Flooding, droughts, erosion, and off-season rains have sent planting season out of the way for a country that is dependent on rain-fed agriculture.

In 2024, farmers in northern Nigeria complained about delayed rainfall which resulted in poor yields.

Chidinma Ezeh, team lead at FarmCas told BusinessDay how in the early months of 2024, she depended on irrigation because a lack of rainfall was posing great threat to her plant’s survival — a medium she revealed was capital intensive.

Without efficient solutions, climate change will pose a major risk for farmers in 2025, affecting production and food prices.

According to reports from the Food and Agriculture Organisation (FAO), torrential rains and floods across Nigeria last year destroyed more than 1 million tons of crops – enough to feed 13 million people for a year.

In September of 2024, the Alau Dam collapse caused floods that wiped out about 700,000 hectares of farmland and about 200 farms across the country.

As a result of climate change, Bornu, Bauchi, Sokoto, and Jigawa States suffered excessive floods last year.

Pest infestation/disease outbreak

Diseases like ginger blight, black pods, bird flu and pest infestation such as Tuta Absoluta, popularly known as ‘Tomato Ebola’ have wreaked havoc to crops and animals over the years.

The infestation of Tuta Absoluta spiked tomato prices to record highs last year. Large hectares of tomato farms in producing states in the north were ravaged by the disease, increasing prices of the tomatoes above N100,000 for a big basket.

Similarly, ginger blight disease spearheaded N12 billion loss for farmers in 2023.

According to farmers, swift and efficient intervention is needed to completely tackle these diseases. It will be a major challenge farmers would have to face in 2025.

High logistic costs

Fuel hikes and soaring food prices have become simultaneously related. Data shows that each time the price of premium motor spirit (PMS) or petrol increases, food inflation moves in the same direction.

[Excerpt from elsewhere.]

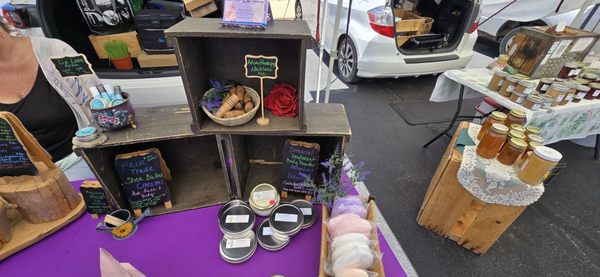 Joshua Tree Certified Farmers' Market by null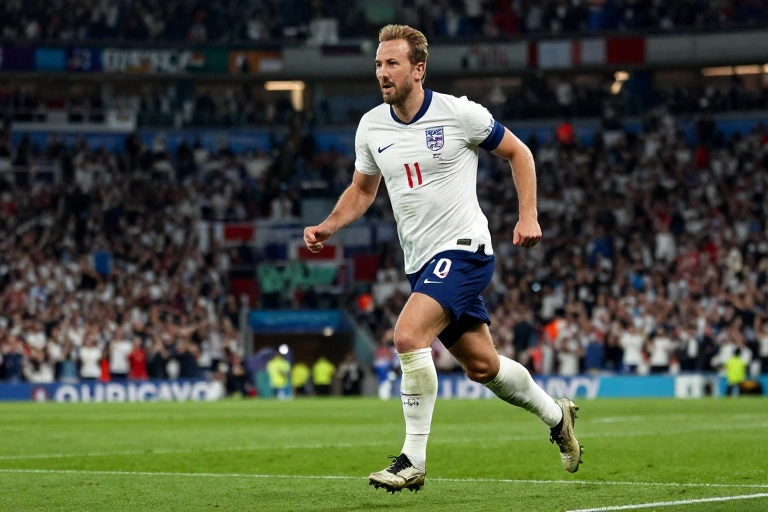 Harry Kane decide e garante classificação inglesa na Copa do Mundo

Traders and farmers complain of high levies imposed on them by middlemen, security personnel and touts en route from farms to townships. These expended costs are added to the selling price of food items.

Petrol-reliant vehicles are used to ferry agricultural products from rural areas to townships and state markets. Hence, the higher the costs involved in transporting goods from farms, the higher food prices in markets.

High input costs

Soaring costs of fertilisers, machinery, pesticides, and seeds are factors that continue to affect crop yield.

Farmers are forced to use low quality seeds that yield poorly because of rising costs of quality hybrid seeds and seedlings.

This has made them to use low quality seeds that are relatively cheaper, thus reducing their yields per hectare.